Exercise description: Your task is to repeat the lines below exactly, excluding any pictures they contain.

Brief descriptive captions
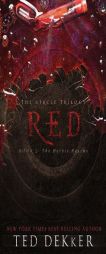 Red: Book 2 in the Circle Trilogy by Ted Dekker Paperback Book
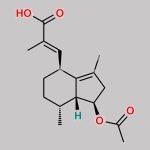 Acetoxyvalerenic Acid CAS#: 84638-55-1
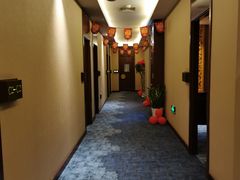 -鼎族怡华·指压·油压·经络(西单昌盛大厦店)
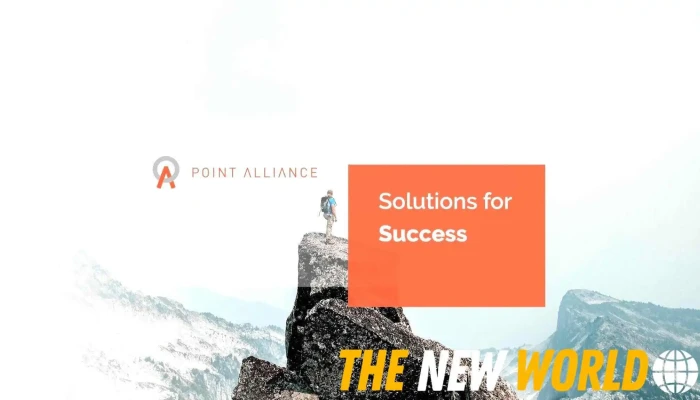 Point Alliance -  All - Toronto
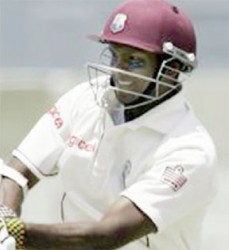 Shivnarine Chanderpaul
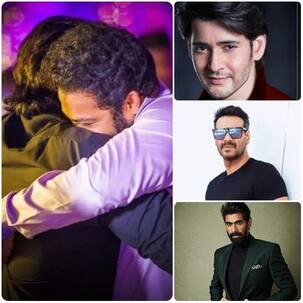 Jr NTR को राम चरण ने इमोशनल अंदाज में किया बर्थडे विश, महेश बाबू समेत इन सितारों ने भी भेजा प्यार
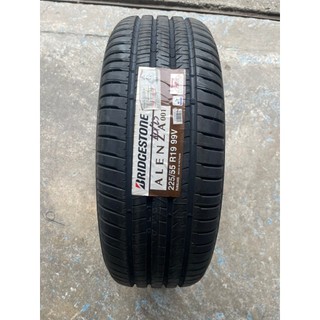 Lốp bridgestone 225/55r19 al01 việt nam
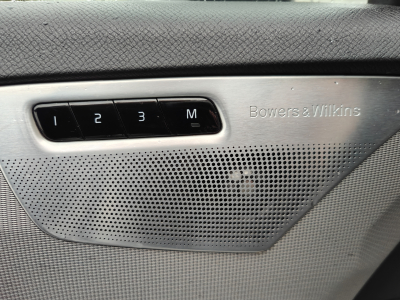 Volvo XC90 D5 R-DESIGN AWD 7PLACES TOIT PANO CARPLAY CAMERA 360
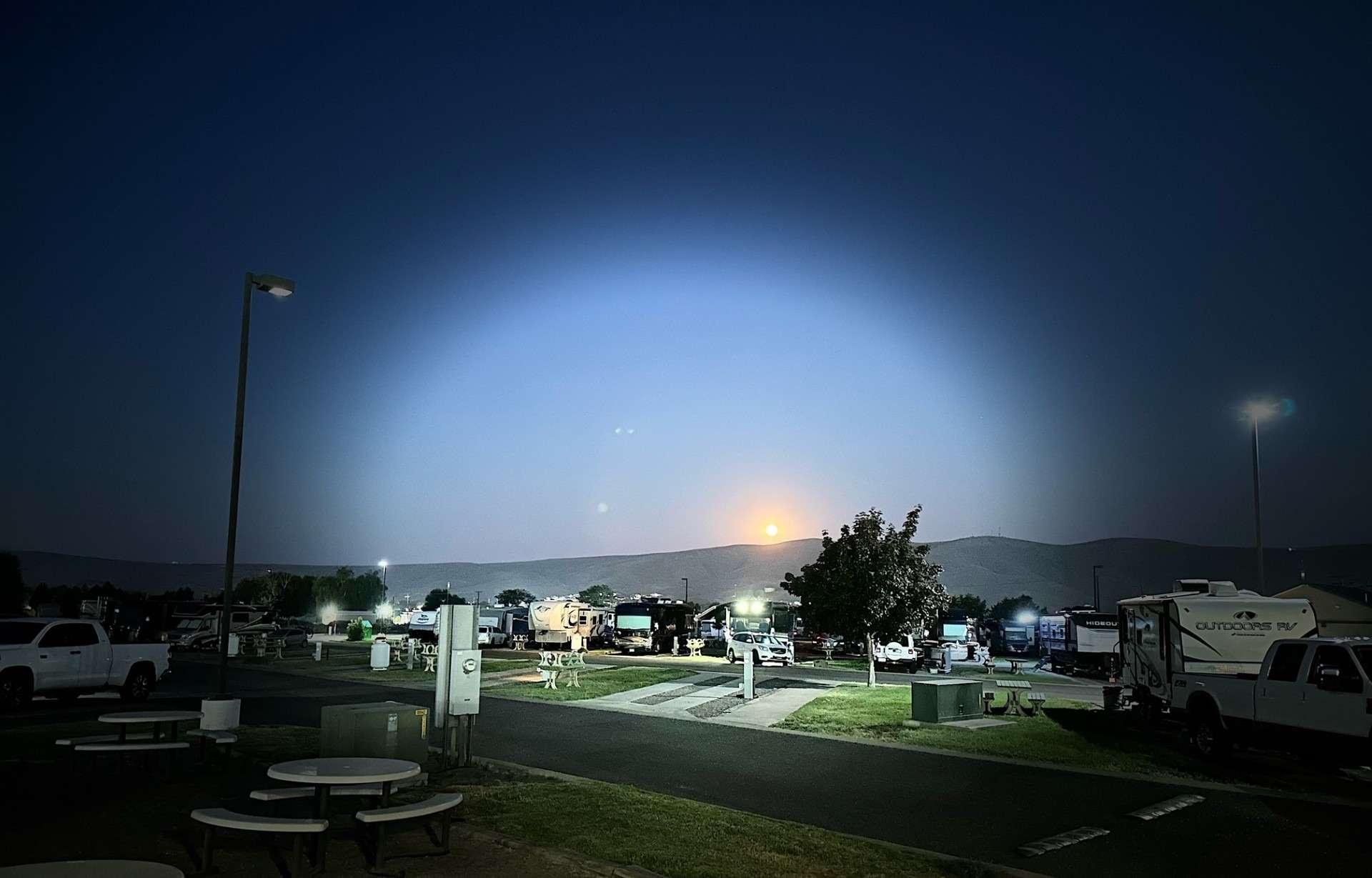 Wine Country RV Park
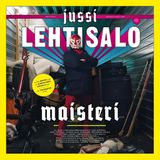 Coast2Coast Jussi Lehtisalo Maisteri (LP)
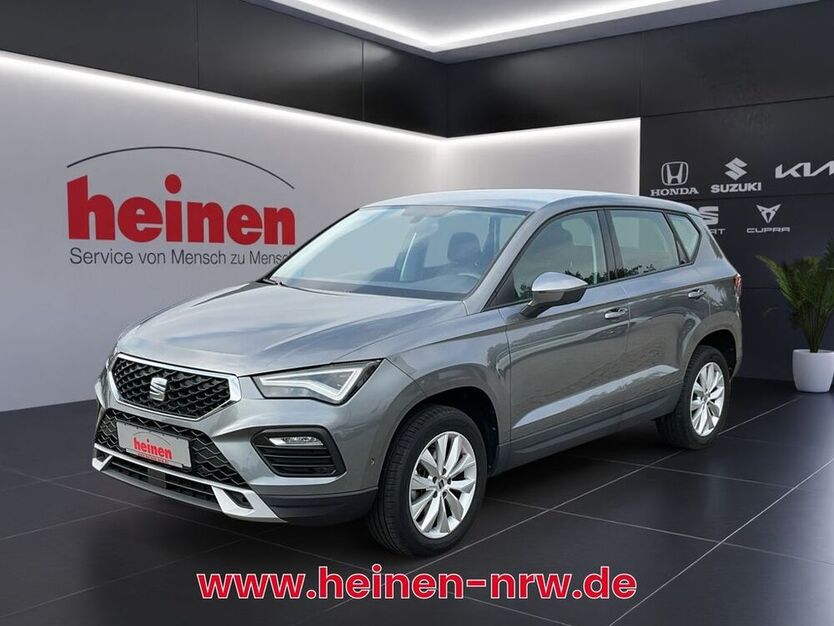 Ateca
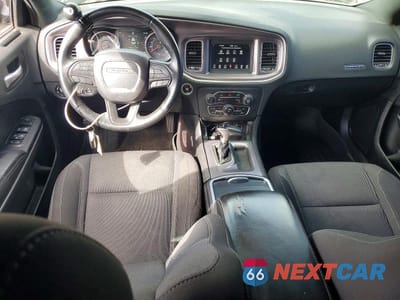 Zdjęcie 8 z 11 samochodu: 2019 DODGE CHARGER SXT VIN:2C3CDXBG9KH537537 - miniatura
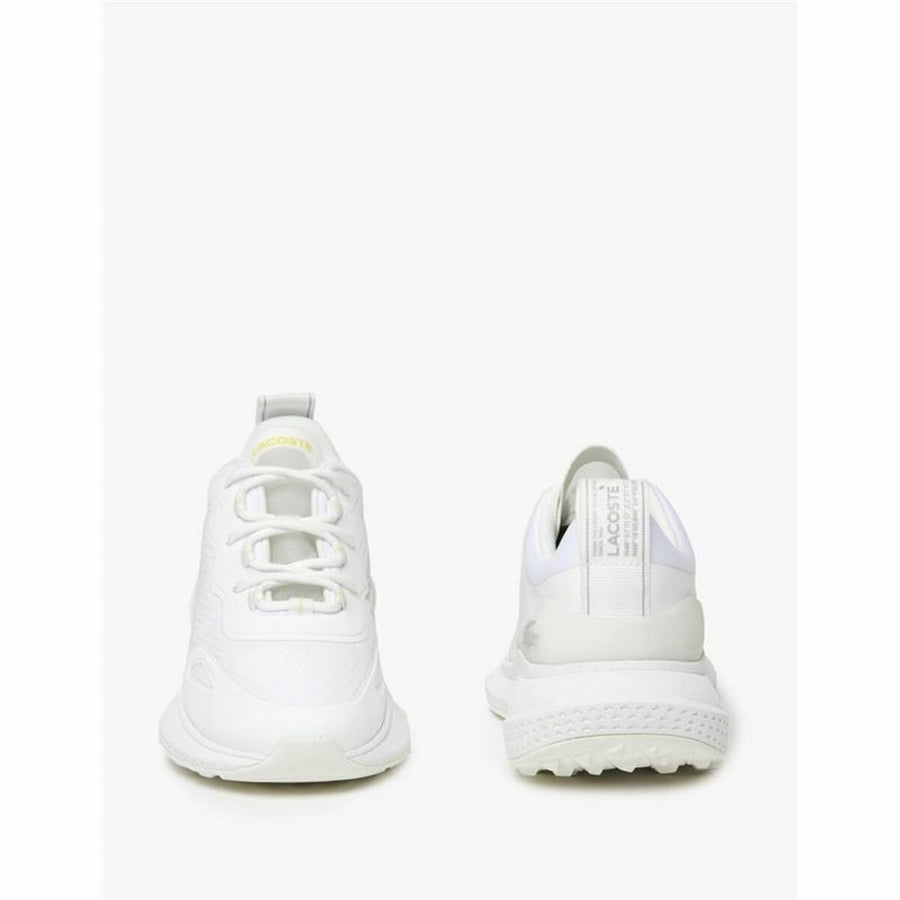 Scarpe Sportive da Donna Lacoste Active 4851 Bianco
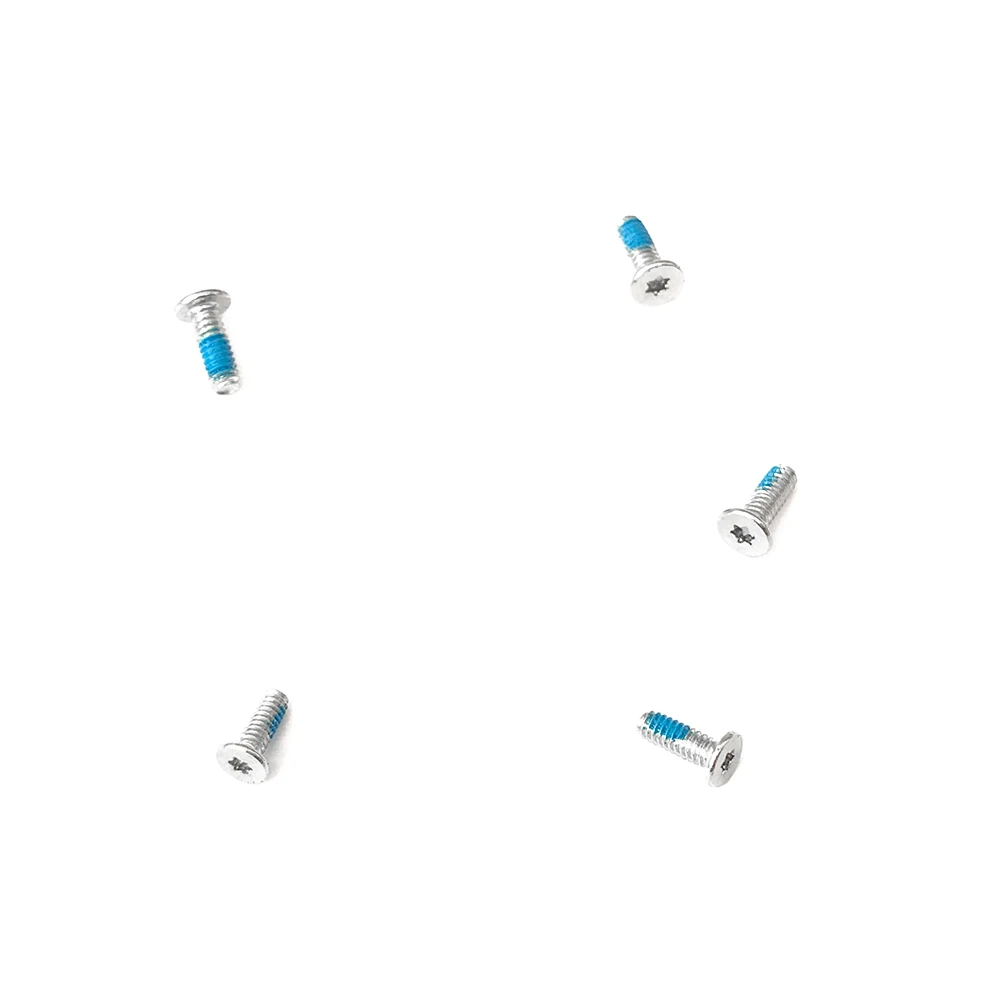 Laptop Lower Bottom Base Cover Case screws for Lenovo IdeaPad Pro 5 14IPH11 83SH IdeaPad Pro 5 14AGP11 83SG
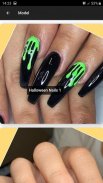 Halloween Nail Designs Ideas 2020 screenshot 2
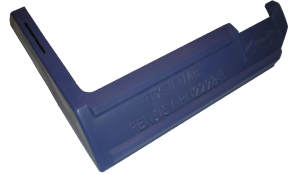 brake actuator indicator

Your solution:
 Red: Book 2 in the Circle Trilogy by Ted Dekker Paperback Book
 Acetoxyvalerenic Acid CAS#: 84638-55-1
 -鼎族怡华·指压·油压·经络(西单昌盛大厦店)
 Point Alliance -  All - Toronto
 Shivnarine Chanderpaul
 Jr NTR को राम चरण ने इमोशनल अंदाज में किया बर्थडे विश, महेश बाबू समेत इन सितारों ने भी भेजा प्यार
 Lốp bridgestone 225/55r19 al01 việt nam
 Volvo XC90 D5 R-DESIGN AWD 7PLACES TOIT PANO CARPLAY CAMERA 360
 Wine Country RV Park
 Coast2Coast Jussi Lehtisalo Maisteri (LP)
 Ateca
 Zdjęcie 8 z 11 samochodu: 2019 DODGE CHARGER SXT VIN:2C3CDXBG9KH537537 - miniatura
 Scarpe Sportive da Donna Lacoste Active 4851 Bianco
 Laptop Lower Bottom Base Cover Case screws for Lenovo IdeaPad Pro 5 14IPH11 83SH IdeaPad Pro 5 14AGP11 83SG
 Halloween Nail Designs Ideas 2020 screenshot 2
 brake actuator indicator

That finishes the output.